The Kuomintang said it was having to rely on loans to pay salaries, adding that it had yet to be able to pay December salaries, but that it had succeeded in finding people to support its presidential candidate Han Kuo-yu on the campaign trail.

The government committee handling the investigation into ill-gotten assets issued a statement on its Facebook page responding to what it said was "fake information".

It said the Kuomintang had income last year of NT$420 million (US$13.74 million) that had not been frozen.

"We only handle ill-gotten party assets. Political parties have always been free to use legal income such as party fees, political contributions, and party subsidies," it added.

The elections are set for Jan 11. The Kuomintang's Han is currently running far behind President Tsai Ing-wen in the polls.

The Kuomintang ruled China until it was forced to flee to Taiwan in 1949 after losing a civil war with the Communists. When it left, it took all of China's gold reserves and other assets, and it accumulated more when it got to Taiwan.

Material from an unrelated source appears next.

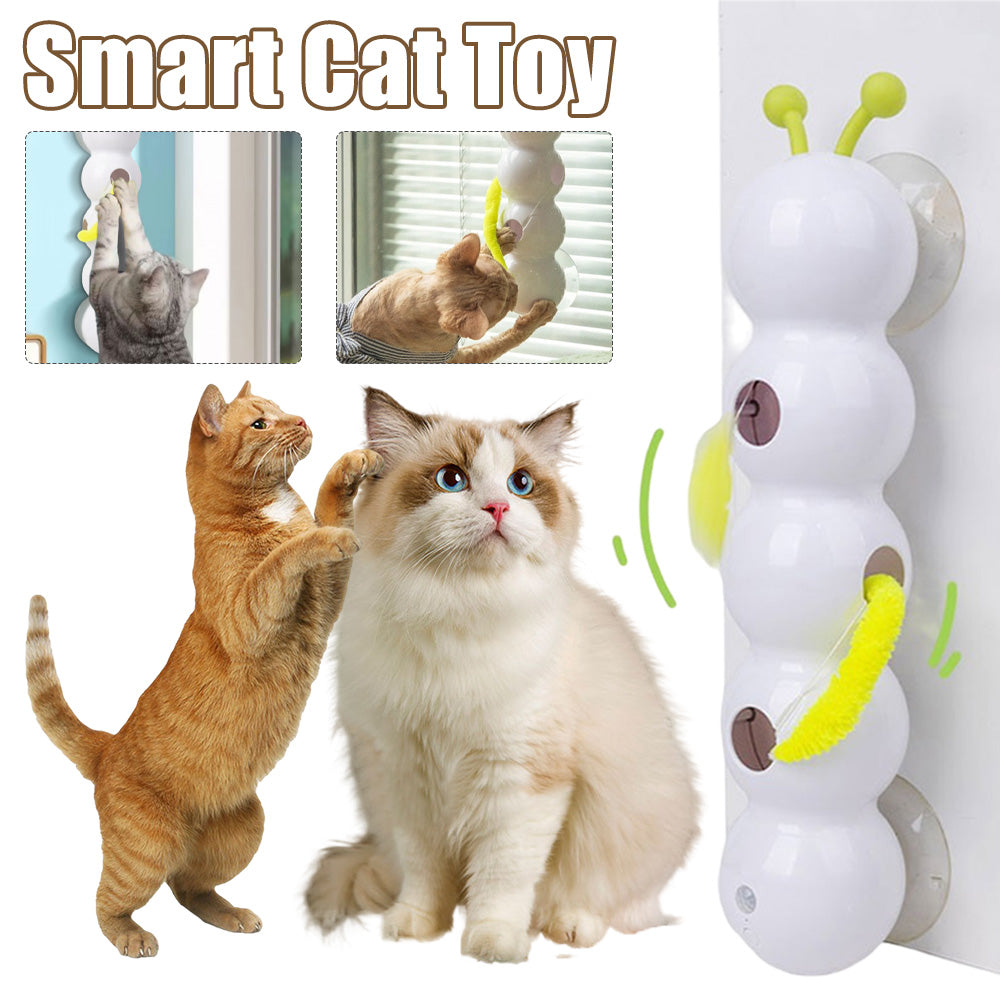 猫からかいおもちゃ 自動ペットおもちゃ 尻尾の動きで起動する子猫のおもちゃ 充電式スマートインタラクティブ猫おもちゃ ペット用品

But under a law passed in 2016 after the Democratic Progressive Party (DPP) won power, most Kuomintang assets have been frozen pending an investigation by the cabinet-level Ill-gotten Party Assets Settlement Committee.

The Kuomintang has frequently complained, describing it as a witch hunt by the DPP, which supports the island's formal independence. China says Taiwan is merely one of its provinces. The Kuomintang favours close ties with China.

The DPP says the committee was established to right historical wrongs for assets the Kuomintang obtained before Taiwan democratised and to level the playing field for all parties. The lifting of martial law by the Kuomintang in 1987 was Taiwan's first major step towards democratisation.